§ **PROVIDED INFORMATION**:
%%

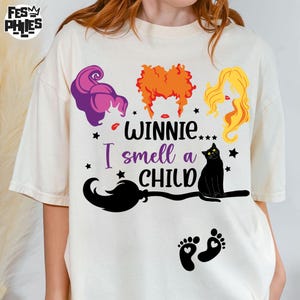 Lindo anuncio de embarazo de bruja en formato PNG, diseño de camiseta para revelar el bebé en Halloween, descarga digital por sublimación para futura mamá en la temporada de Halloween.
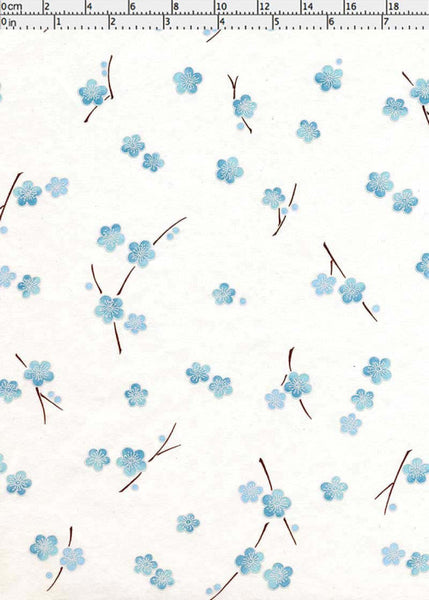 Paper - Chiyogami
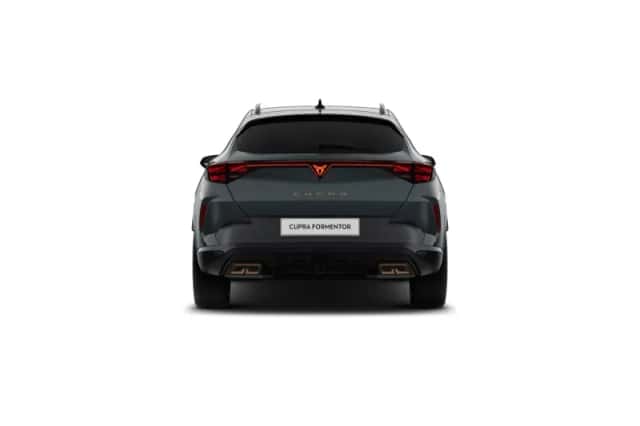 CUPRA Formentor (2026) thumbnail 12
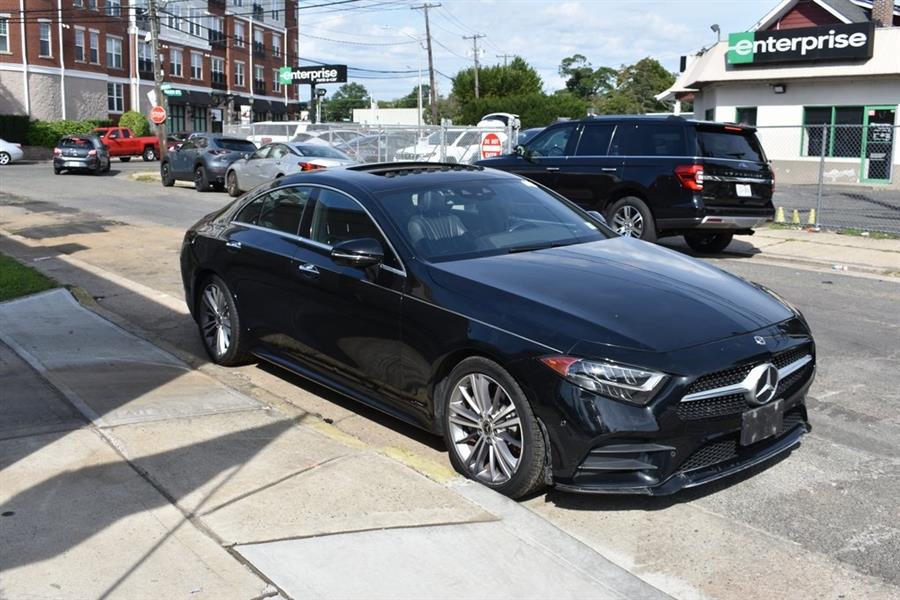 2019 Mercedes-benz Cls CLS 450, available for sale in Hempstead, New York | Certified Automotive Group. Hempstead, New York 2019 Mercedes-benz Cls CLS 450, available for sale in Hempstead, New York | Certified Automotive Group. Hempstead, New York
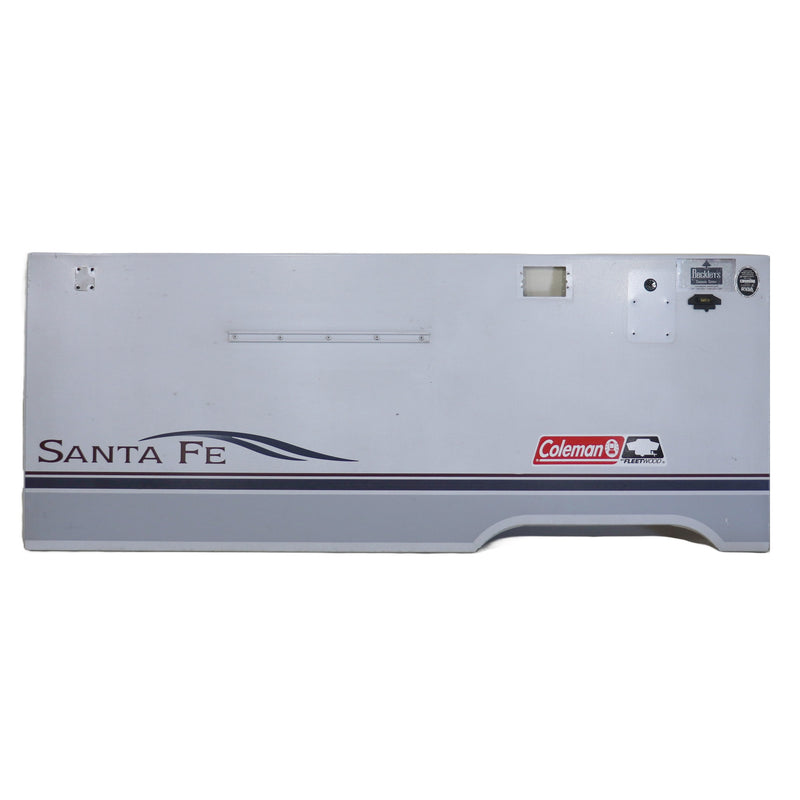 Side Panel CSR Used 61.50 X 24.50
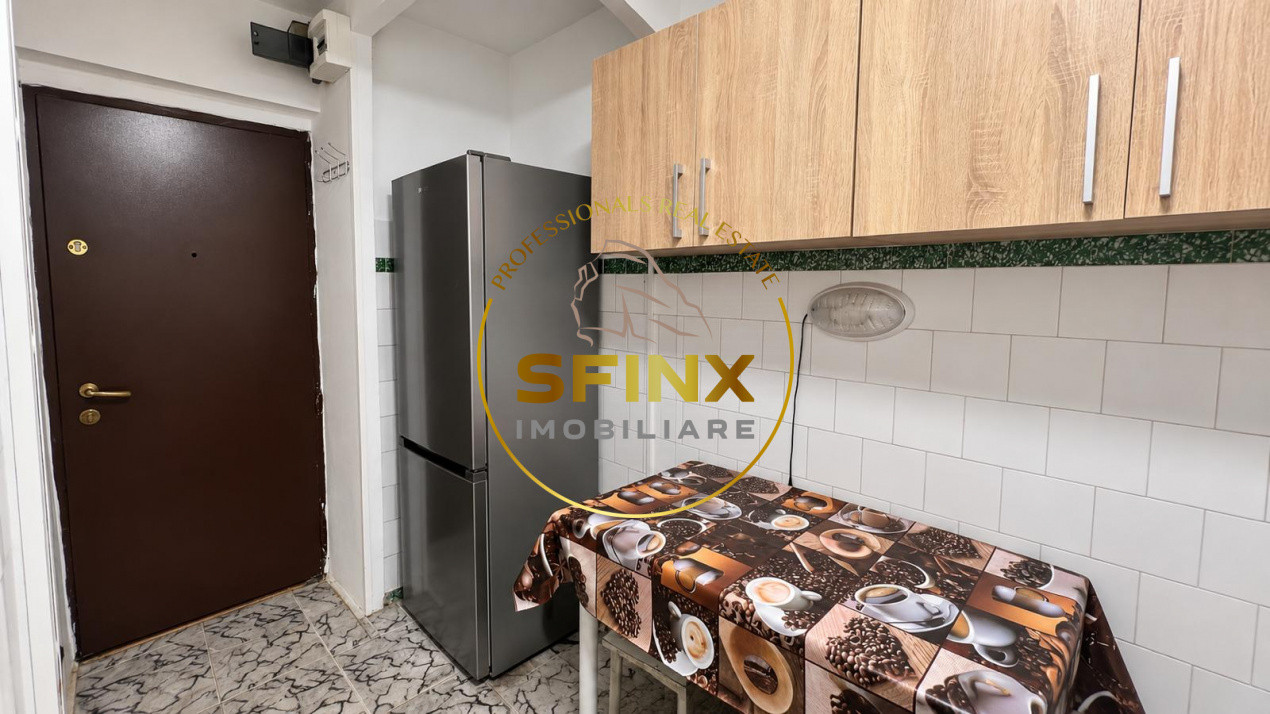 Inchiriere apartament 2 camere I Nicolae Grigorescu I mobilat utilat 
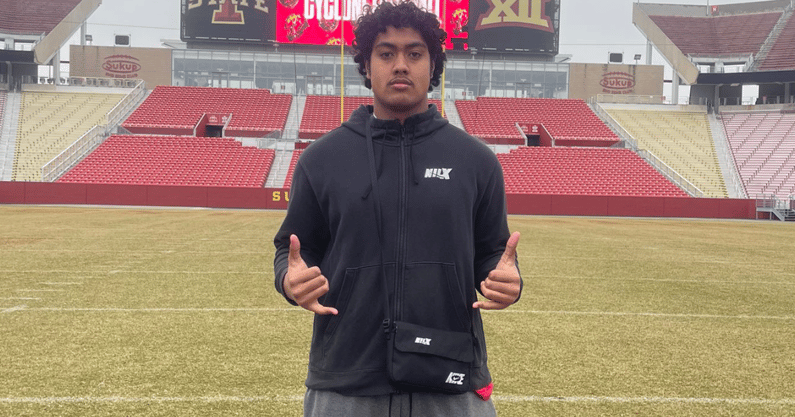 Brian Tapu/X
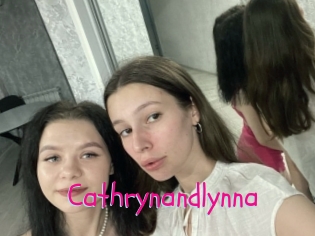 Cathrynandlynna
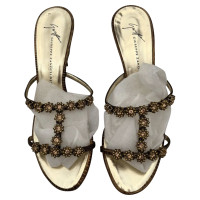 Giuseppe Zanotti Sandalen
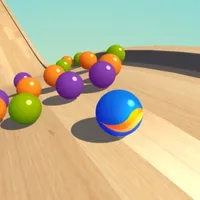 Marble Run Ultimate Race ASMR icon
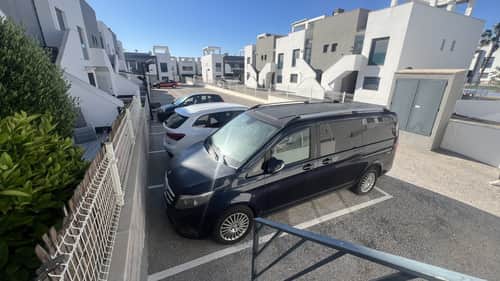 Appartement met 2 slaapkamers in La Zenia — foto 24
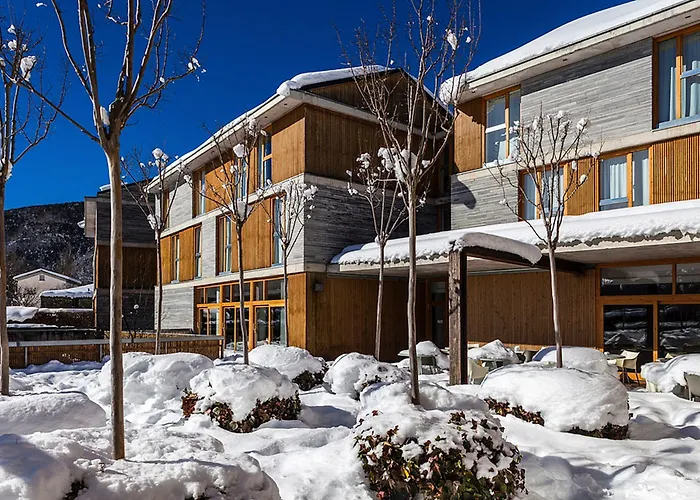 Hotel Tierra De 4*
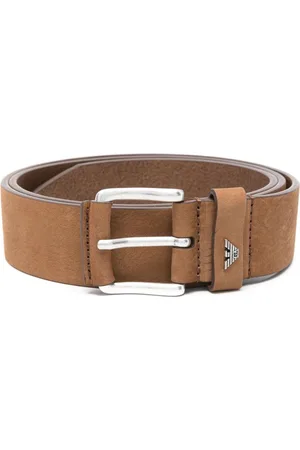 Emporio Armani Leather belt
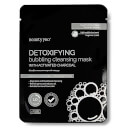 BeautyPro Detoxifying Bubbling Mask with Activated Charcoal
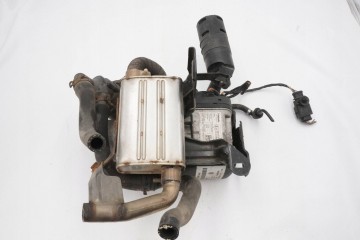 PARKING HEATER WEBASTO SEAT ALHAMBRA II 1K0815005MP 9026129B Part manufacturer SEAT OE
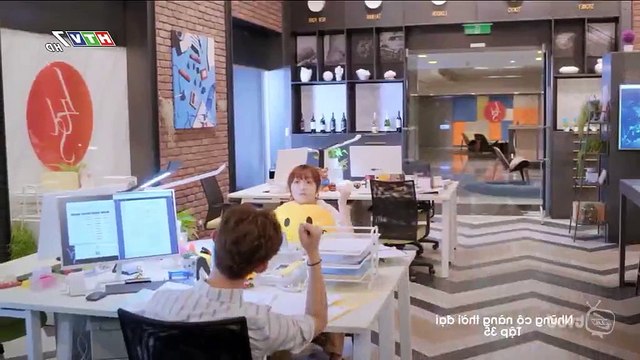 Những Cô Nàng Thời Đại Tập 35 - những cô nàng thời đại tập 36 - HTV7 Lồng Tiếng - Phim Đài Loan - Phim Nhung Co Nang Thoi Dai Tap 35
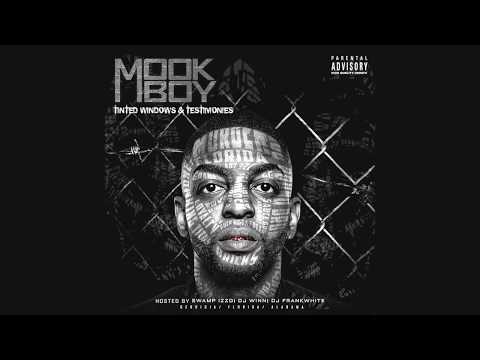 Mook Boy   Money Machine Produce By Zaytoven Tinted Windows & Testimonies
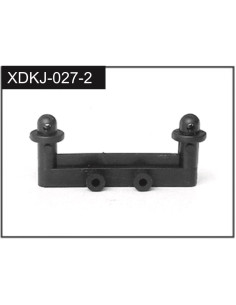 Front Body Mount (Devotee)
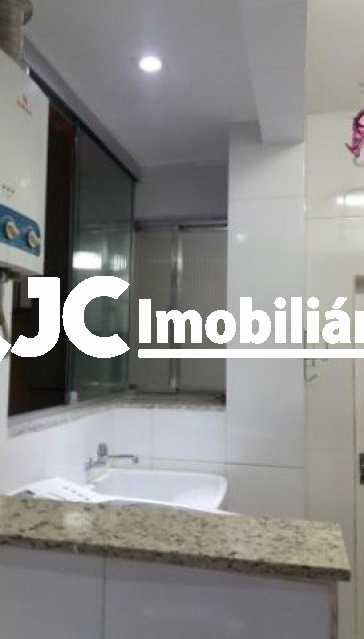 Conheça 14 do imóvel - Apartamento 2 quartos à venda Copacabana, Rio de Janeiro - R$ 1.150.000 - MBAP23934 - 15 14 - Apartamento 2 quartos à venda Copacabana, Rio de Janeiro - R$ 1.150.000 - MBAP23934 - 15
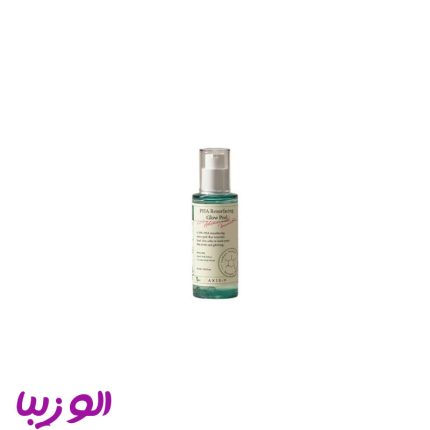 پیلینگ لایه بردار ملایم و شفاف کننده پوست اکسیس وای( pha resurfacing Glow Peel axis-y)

%%

§ **YOUR ASSIGNMENT**:
Output every line of the records exactly, excluding all pictures.

§ **RESULT OF THE EXERCISE**:
 Lindo anuncio de embarazo de bruja en formato PNG, diseño de camiseta para revelar el bebé en Halloween, descarga digital por sublimación para futura mamá en la temporada de Halloween.
 Paper - Chiyogami
 CUPRA Formentor (2026) thumbnail 12
 2019 Mercedes-benz Cls CLS 450, available for sale in Hempstead, New York | Certified Automotive Group. Hempstead, New York 2019 Mercedes-benz Cls CLS 450, available for sale in Hempstead, New York | Certified Automotive Group. Hempstead, New York
 Side Panel CSR Used 61.50 X 24.50
 Inchiriere apartament 2 camere I Nicolae Grigorescu I mobilat utilat 
 Brian Tapu/X
 Cathrynandlynna
 Giuseppe Zanotti Sandalen
 Marble Run Ultimate Race ASMR icon
 Appartement met 2 slaapkamers in La Zenia — foto 24
 Hotel Tierra De 4*
 Emporio Armani Leather belt
 BeautyPro Detoxifying Bubbling Mask with Activated Charcoal
 PARKING HEATER WEBASTO SEAT ALHAMBRA II 1K0815005MP 9026129B Part manufacturer SEAT OE
 Những Cô Nàng Thời Đại Tập 35 - những cô nàng thời đại tập 36 - HTV7 Lồng Tiếng - Phim Đài Loan - Phim Nhung Co Nang Thoi Dai Tap 35
 Mook Boy   Money Machine Produce By Zaytoven Tinted Windows & Testimonies
 Front Body Mount (Devotee)
 Conheça 14 do imóvel - Apartamento 2 quartos à venda Copacabana, Rio de Janeiro - R$ 1.150.000 - MBAP23934 - 15 14 - Apartamento 2 quartos à venda Copacabana, Rio de Janeiro - R$ 1.150.000 - MBAP23934 - 15
 پیلینگ لایه بردار ملایم و شفاف کننده پوست اکسیس وای( pha resurfacing Glow Peel axis-y)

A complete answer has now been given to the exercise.